▶ Extracted material:
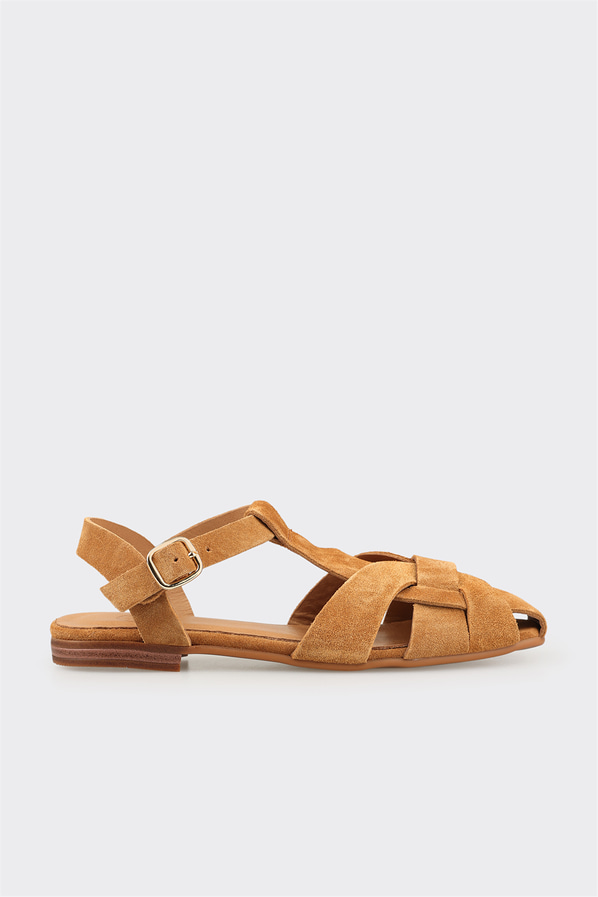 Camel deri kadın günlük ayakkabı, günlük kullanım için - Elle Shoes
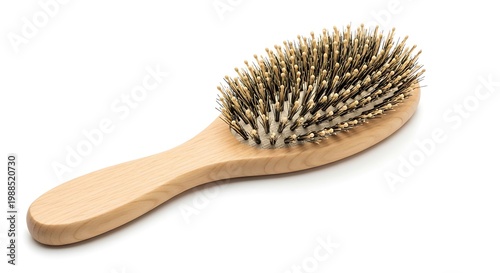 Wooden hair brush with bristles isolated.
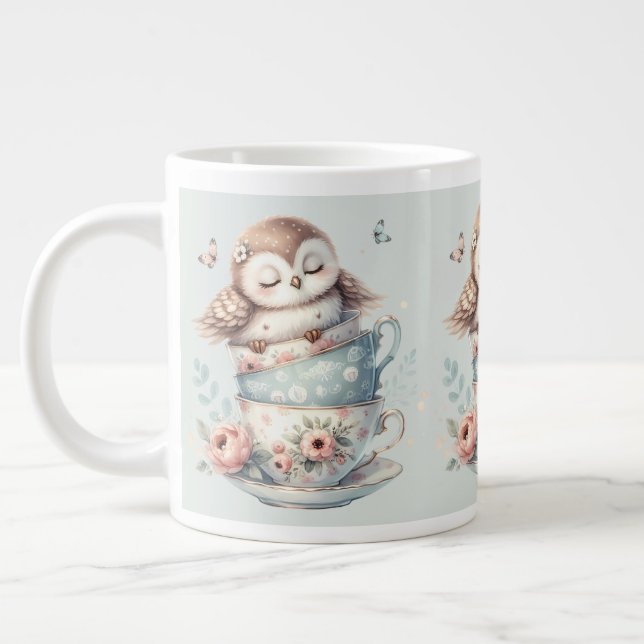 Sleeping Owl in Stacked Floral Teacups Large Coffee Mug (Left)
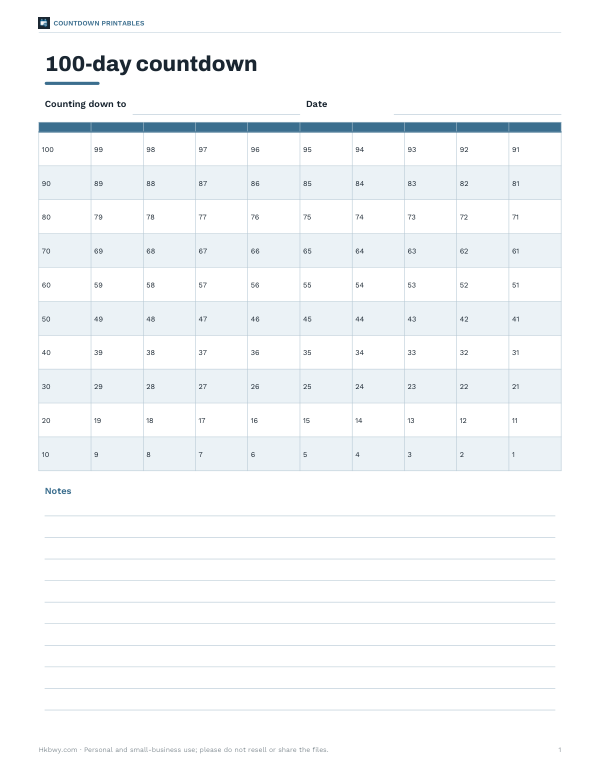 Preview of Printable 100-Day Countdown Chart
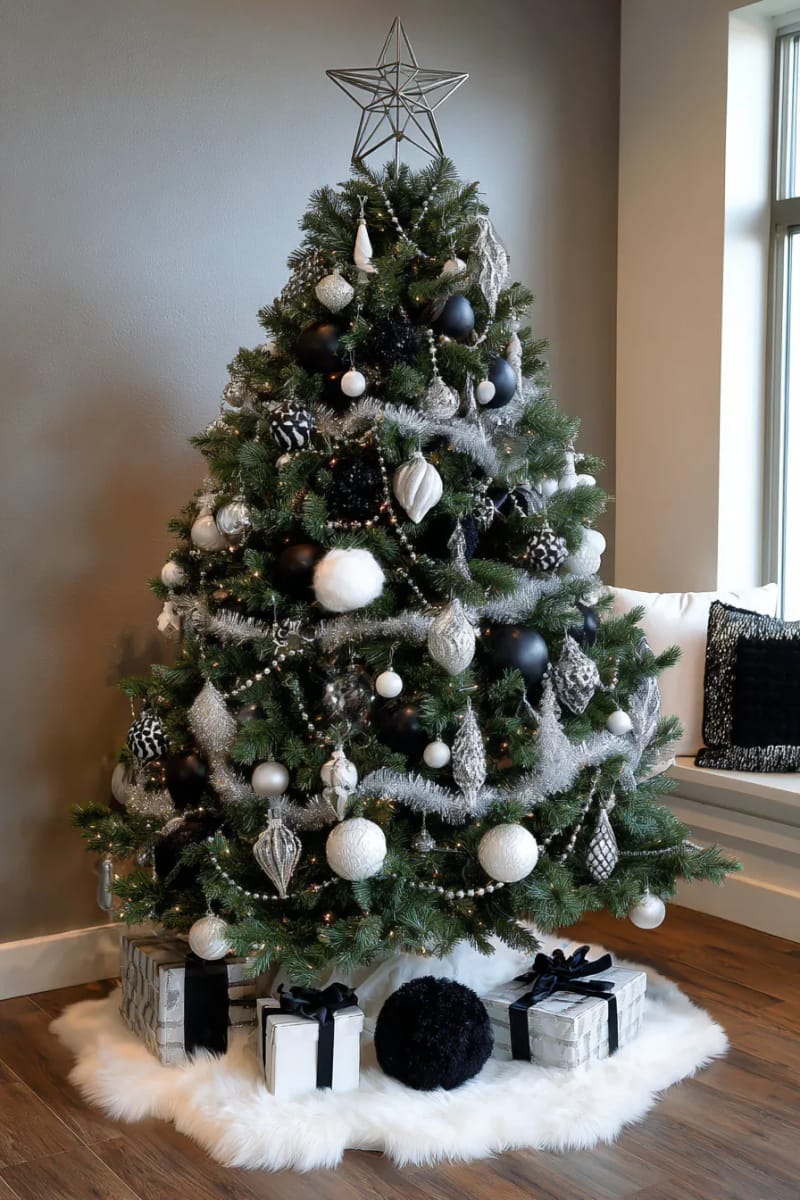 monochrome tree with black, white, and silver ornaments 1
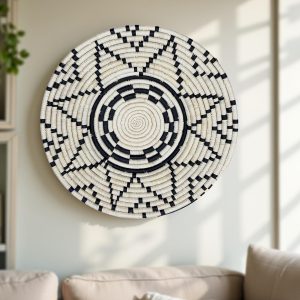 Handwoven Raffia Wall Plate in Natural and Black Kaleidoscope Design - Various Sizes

==

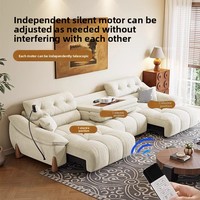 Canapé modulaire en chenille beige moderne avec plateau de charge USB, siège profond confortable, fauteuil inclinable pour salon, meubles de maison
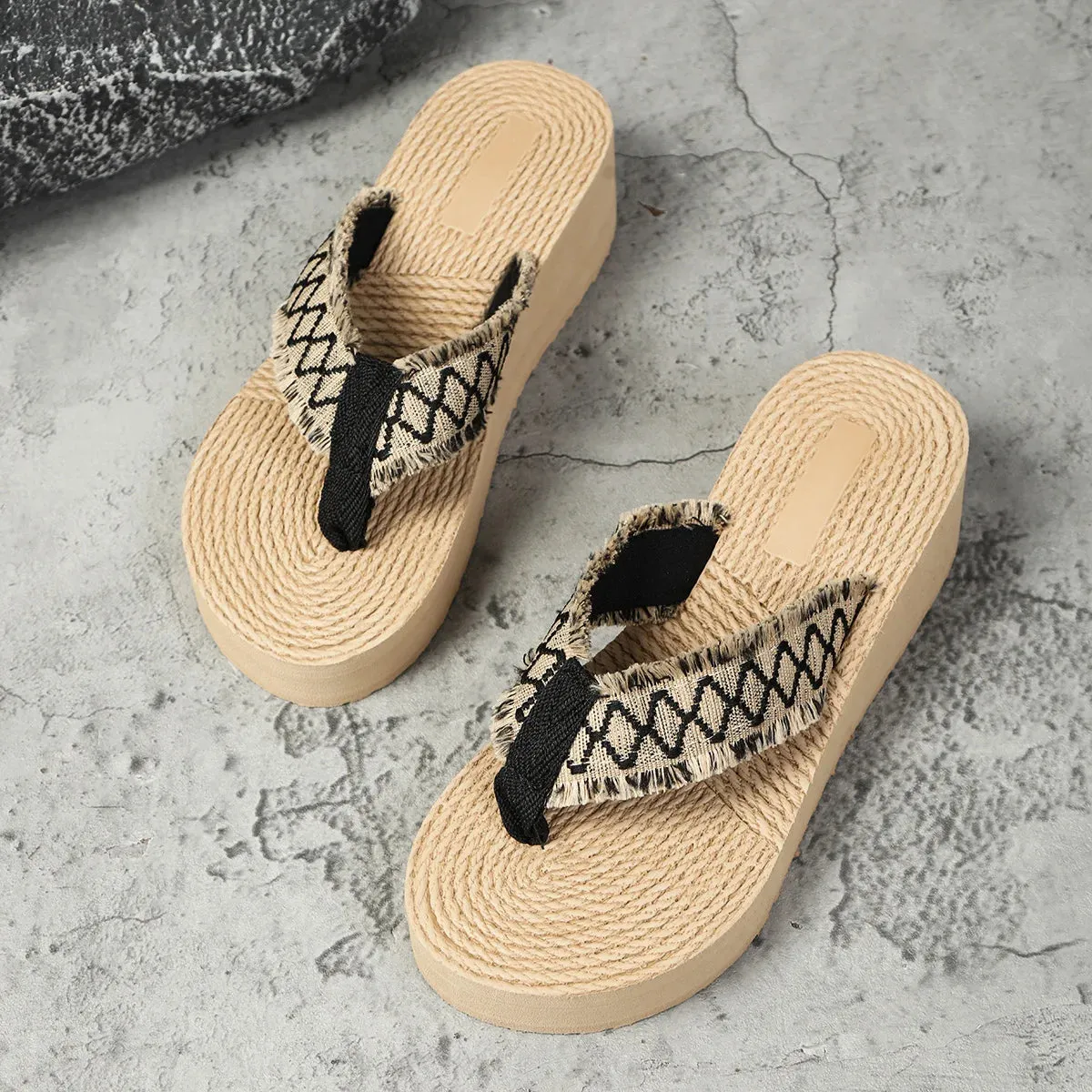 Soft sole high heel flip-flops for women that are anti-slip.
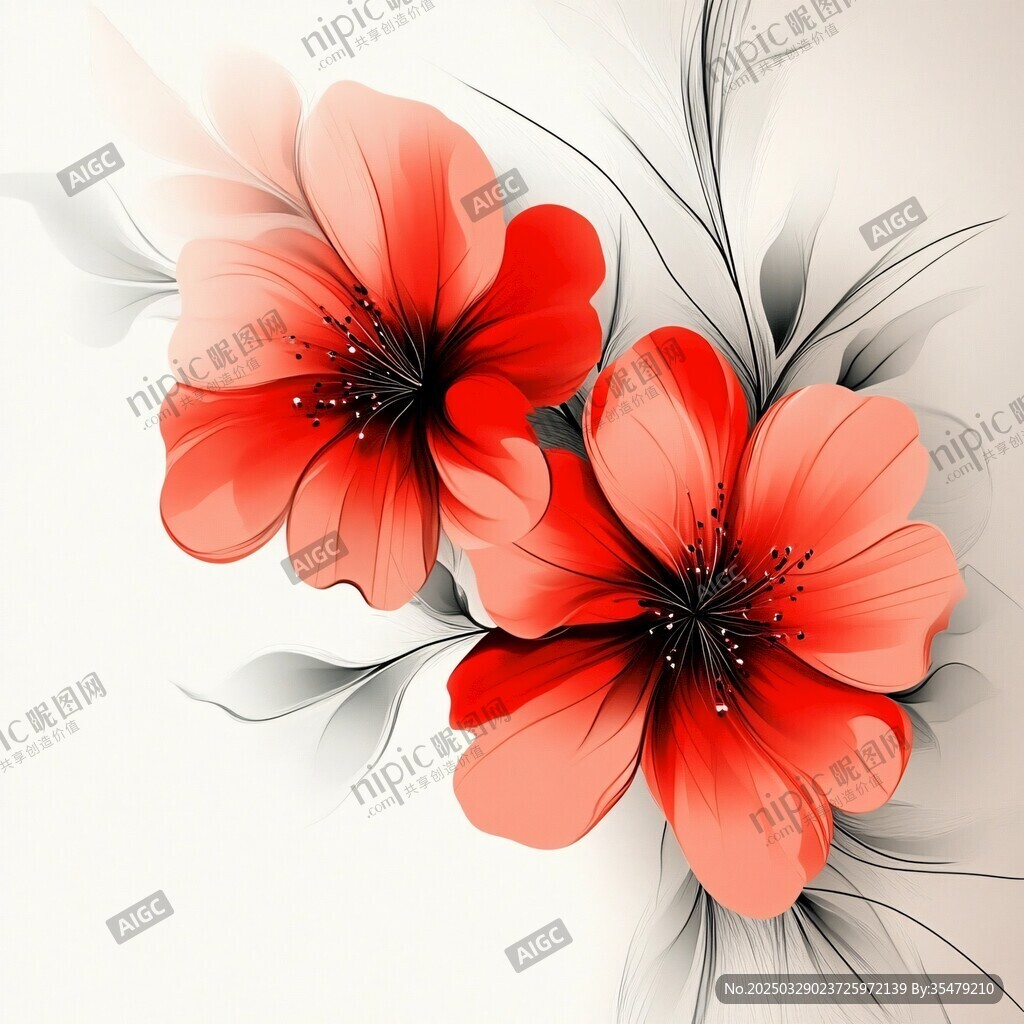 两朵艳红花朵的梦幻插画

▶ Work item: Starting at the line above that holds "Canapé modulaire en", repeat every line exactly down to and including the line that holds "两朵艳红花朵的梦幻插画", then stop. Do not carry over any pictures.

▶ Solution for this problem:
 Canapé modulaire en chenille beige moderne avec plateau de charge USB, siège profond confortable, fauteuil inclinable pour salon, meubles de maison
 Soft sole high heel flip-flops for women that are anti-slip.
 两朵艳红花朵的梦幻插画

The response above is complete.